== Problem requirements ==
What follows is a set of entries. Give them again exactly, without the pictures.

== Material provided ==
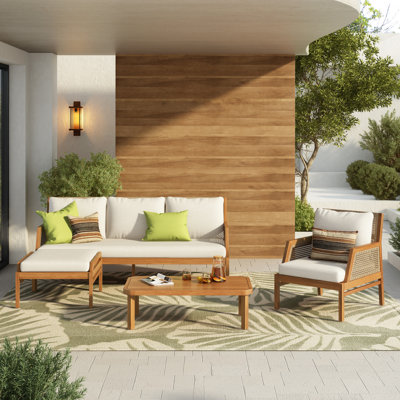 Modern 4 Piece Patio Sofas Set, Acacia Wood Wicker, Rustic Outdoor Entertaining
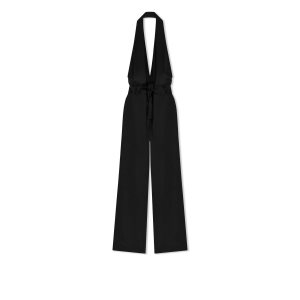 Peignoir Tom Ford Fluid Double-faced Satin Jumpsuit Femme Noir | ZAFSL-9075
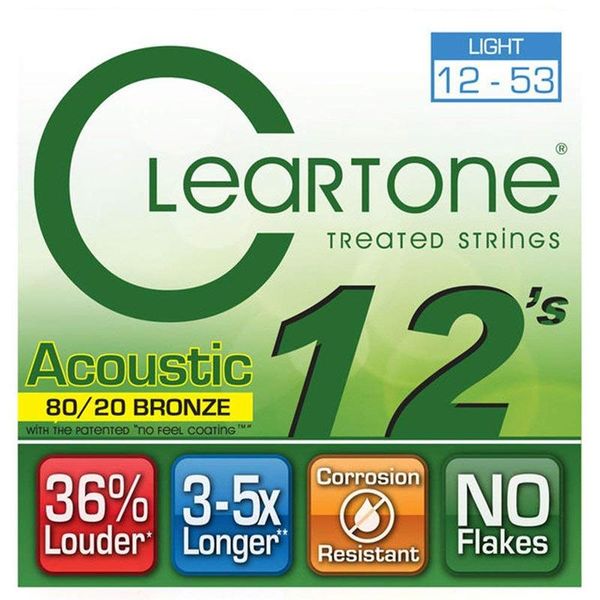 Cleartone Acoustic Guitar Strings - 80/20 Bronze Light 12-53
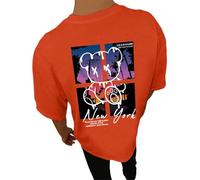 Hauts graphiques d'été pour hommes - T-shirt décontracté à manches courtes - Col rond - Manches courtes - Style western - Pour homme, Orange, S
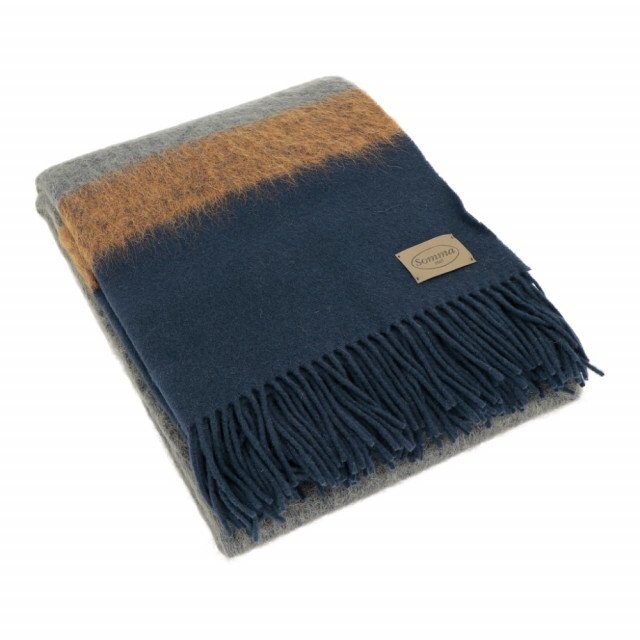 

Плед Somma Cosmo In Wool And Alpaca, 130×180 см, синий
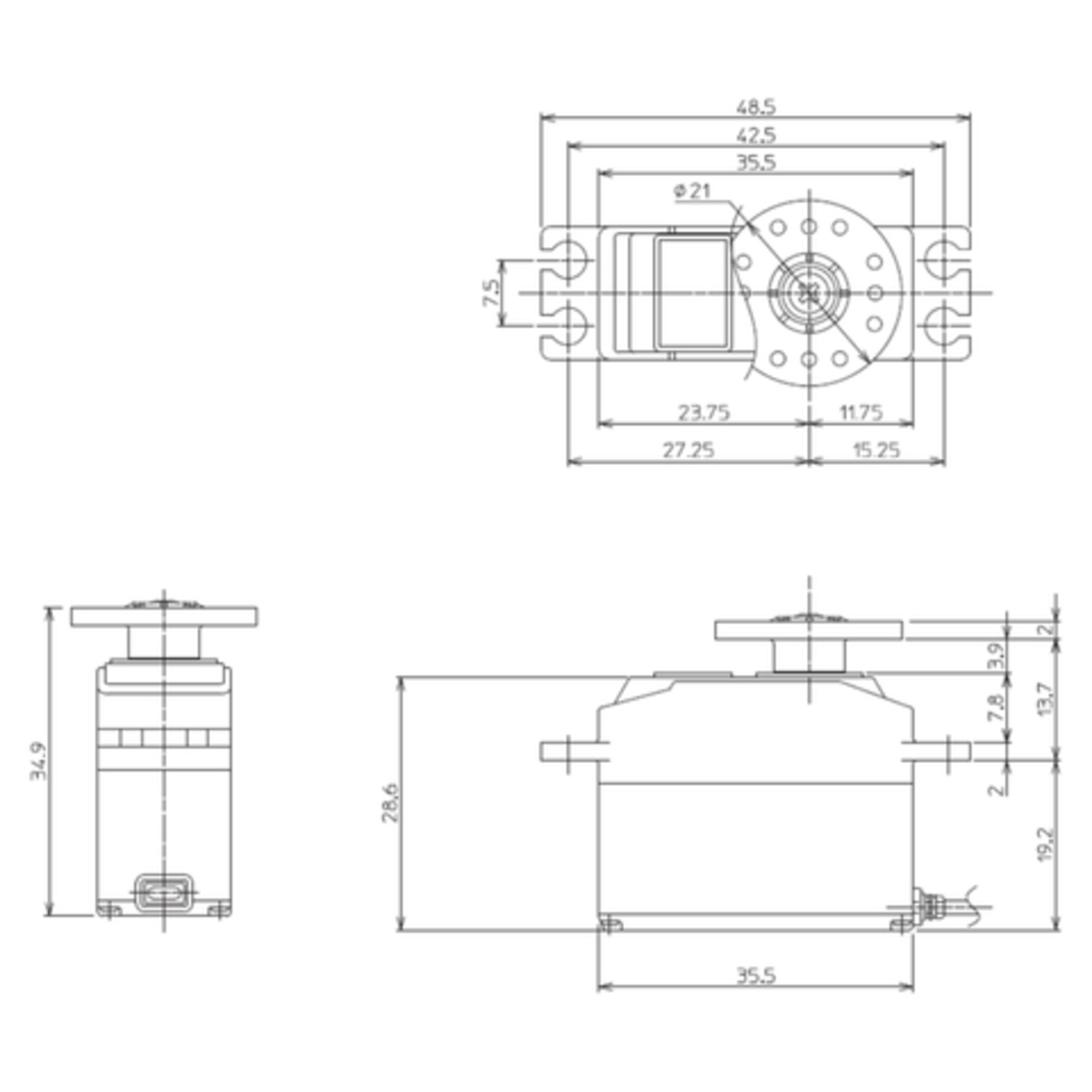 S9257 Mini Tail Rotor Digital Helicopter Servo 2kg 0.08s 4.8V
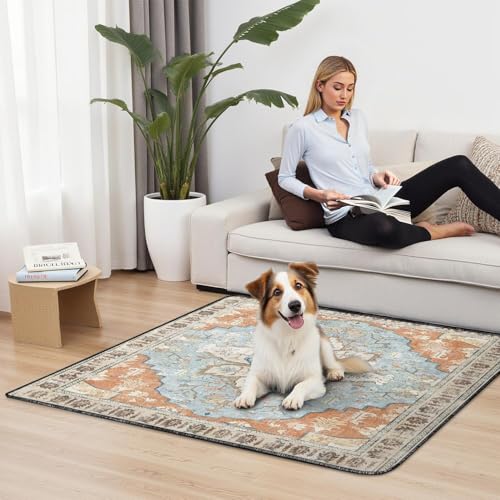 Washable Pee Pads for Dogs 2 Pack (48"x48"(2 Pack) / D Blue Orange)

== Completed task ==
 Modern 4 Piece Patio Sofas Set, Acacia Wood Wicker, Rustic Outdoor Entertaining
 Peignoir Tom Ford Fluid Double-faced Satin Jumpsuit Femme Noir | ZAFSL-9075
 Cleartone Acoustic Guitar Strings - 80/20 Bronze Light 12-53
 Hauts graphiques d'été pour hommes - T-shirt décontracté à manches courtes - Col rond - Manches courtes - Style western - Pour homme, Orange, S

Плед Somma Cosmo In Wool And Alpaca, 130×180 см, синий
 S9257 Mini Tail Rotor Digital Helicopter Servo 2kg 0.08s 4.8V
 Washable Pee Pads for Dogs 2 Pack (48"x48"(2 Pack) / D Blue Orange)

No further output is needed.